Wodehouse occasionally uses a transferred epithet, especially an adjective modifying a noun rather than the corresponding adverb modifying the verb of the sentence. This occurs with the word "moody" in the following quote from the story: "He uncovered the fragrant eggs and I pronged a moody forkful."

According to Wodehouse scholar Kristin Thompson, when Jeeves does or says something unusual and it is not explained later, it may be a cue to the reader that he has manipulated events in ways that Bertie, the narrator, is not aware of. Thompson suggests that Jeeves may have used his "informal conversation" with Thomas to encourage him to maroon Filmer on the island, in order to ultimately discredit Bertie with Filmer so Bertie would not become Filmer's secretary. Later, when telling Bertie about Thomas's plan to maroon Filmer, Jeeves seems unconcerned and distracts Bertie by calling his attention to his badly knotted tie (not "the perfect butterfly effect").

Whether or not Jeeves manipulated events to this extent, he does make a remark at the end which Bertie fails to understand but can be understood by the reader. He explains to Bertie why he told Filmer that Bertie had marooned him on the island: "I had scarcely left you when the solution of the affair presented itself to me. It was a remark of Mr Filmer's that gave me the idea." This is a subtle reference to what Filmer said when he assumed Thomas was the one who marooned him: "He has a grudge against me. And it is the sort of thing only a boy, or one who is practically an imbecile, would have thought of doing." The phrase "practically an imbecile" presumably gave Jeeves the idea to blame his employer.

==Publication history==
"Jeeves and the Impending Doom" was illustrated by Charles Crombie in the Strand and by Wallace Morgan in Liberty.

The American edition of a collection of Wodehouse stories, The Weekend-End Wodehouse, published in 1939 by Doubleday, included the story. The story appeared in Selected Stories by P. G. Wodehouse, a 1958 collection of Wodehouse stories published by The Modern Library, and in The Most of Wodehouse, a 1960 collection of Wodehouse stories published by Simon and Schuster. It was also featured in the 1983 collection P. G. Wodehouse Short Stories, which was illustrated by George Adamson and published by The Folio Society. The collection A Wodehouse Bestiary, a 1985 omnibus of Wodehouse stories involving animals, featured "Jeeves and the Impending Doom".

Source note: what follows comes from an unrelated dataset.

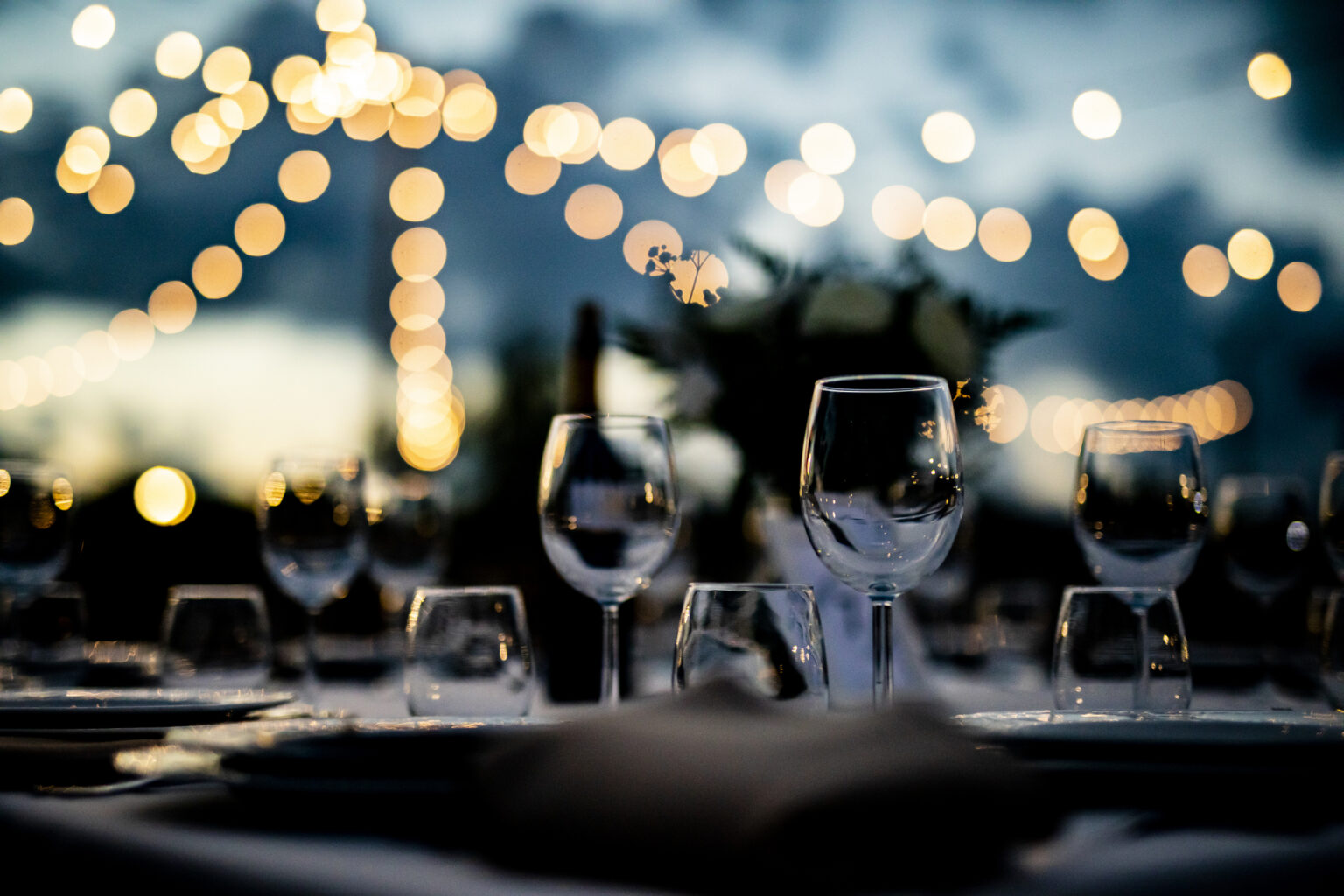 Luxury table settings for fine dining with and glassware, beautiful blurred background. For events, weddings. props for weddings, birthdays, and celebration. Wedding, restaurant, xmas 2020, 2021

The story was included in the 1932 anthology London Omnibus published by Doubleday, and in the 1940 anthology Modern Humour published by J. M. Dent & Sons.

==Adaptations==

An episode of The World of Wooster adapted the story. The episode, titled "Jeeves and the Impending Doom", was the fourth episode of the third series. It was originally broadcast in the UK on 27 October 1967.

This story was not adapted into any Jeeves and Wooster episode.